Per venire incontro ai disegnatori e fare in modo che questi fossero dotati di matite sempre uguali, sono stati creati nuovi strumenti derivati direttamente da essa. I più diffusi sono: il portamine e il porta micromine.

PORTA-MINE

Porta mine

Come dice il nome, il porta-mine è un contenitore, plastico o metallico che riprende la forma della matita ma è cavo all’interno e può accogliervi le mine di grafite, la anime nere custodite all’interno della matita. Premendo il pulsante all’estremità, viene fatta fuoriuscire una mina. La mina non cade dal portamine, perché è dotata ad un estremo di “strettoio”, un anello metallico che ne aumenta lo spessore e ne impedisce la fuoriuscita. Con il porta-mine, tempereremo la mina utilizzando uno strumento chiamato temperamine,  ma non avremo più l’inconveniente di veder ridurre la matita gradualmente perché il contenitore resterà intatto. In questo modo la presa sarà sempre corretta e ideale.

PORTA MICROMINE

Porta micro-mine

Esiste, inoltre, un ulteriore evoluzione della matita e della mina come strumento di precisione del disegno, chiamato porta-micromina. Rappresenta la matita tecnologicamente più avanzata tanto da essere definita la matita sempre appuntita. Fu realizzata allo scopo di evitare di dover temperare continuamente. Le prime micromine avevano un diametro di 2mm troppo grosse per evitare questa necessità. Pian piano si cercò di ridurre sempre più lo spessore, ma fu solo negli anni ’50, grazie alla tecnologia di polimerizzazione introdotta dalla Faber-Castell, che si cominciarono a produrre le mine da 0,7mm, 0,5mm e da 0,3mm, che non avevano più bisogno di essere temperate. Oggi si sono prodotte mine ancora più sottili fino a 0,2mm.

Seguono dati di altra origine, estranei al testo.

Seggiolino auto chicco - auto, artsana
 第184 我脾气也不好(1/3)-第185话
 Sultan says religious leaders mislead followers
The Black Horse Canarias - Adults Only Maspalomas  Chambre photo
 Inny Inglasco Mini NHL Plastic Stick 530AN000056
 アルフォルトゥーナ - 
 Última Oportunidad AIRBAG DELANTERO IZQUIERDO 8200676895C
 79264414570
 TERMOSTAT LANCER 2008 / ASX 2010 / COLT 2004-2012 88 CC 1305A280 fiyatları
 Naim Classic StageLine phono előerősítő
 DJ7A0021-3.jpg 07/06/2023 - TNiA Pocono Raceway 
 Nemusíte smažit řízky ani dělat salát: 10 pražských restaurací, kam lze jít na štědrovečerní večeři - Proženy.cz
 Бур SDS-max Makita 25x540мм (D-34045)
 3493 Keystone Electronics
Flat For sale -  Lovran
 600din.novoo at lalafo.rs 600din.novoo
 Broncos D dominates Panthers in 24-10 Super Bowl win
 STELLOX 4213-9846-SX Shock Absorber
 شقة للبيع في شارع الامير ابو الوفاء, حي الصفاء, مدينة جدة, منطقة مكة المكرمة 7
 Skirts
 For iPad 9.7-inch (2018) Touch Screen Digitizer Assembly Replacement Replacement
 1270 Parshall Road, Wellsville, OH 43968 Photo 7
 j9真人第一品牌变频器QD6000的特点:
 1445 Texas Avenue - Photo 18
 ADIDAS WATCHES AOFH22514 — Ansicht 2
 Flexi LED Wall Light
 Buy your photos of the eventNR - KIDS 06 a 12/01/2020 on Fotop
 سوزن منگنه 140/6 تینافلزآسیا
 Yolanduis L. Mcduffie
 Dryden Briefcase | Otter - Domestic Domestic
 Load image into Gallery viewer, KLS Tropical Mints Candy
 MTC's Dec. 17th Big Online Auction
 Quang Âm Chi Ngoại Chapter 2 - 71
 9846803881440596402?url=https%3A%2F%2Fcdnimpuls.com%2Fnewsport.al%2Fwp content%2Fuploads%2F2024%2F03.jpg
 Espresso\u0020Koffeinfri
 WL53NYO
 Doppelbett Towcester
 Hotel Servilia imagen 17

Matita, porta mine, porta micromine. Ma qual’è quelle giusta da dover utilizzare? Sicuramente la matita, ma lo strumento ideale per lo studente delle scuole medie è sicuramente il porta mine, perché il porta micromine è uno strumento troppo avanzato per ragazzi che per la prima volta si dedicano al disegno tecnico e la matita ha l’inconveniente di ridursi con l’uso.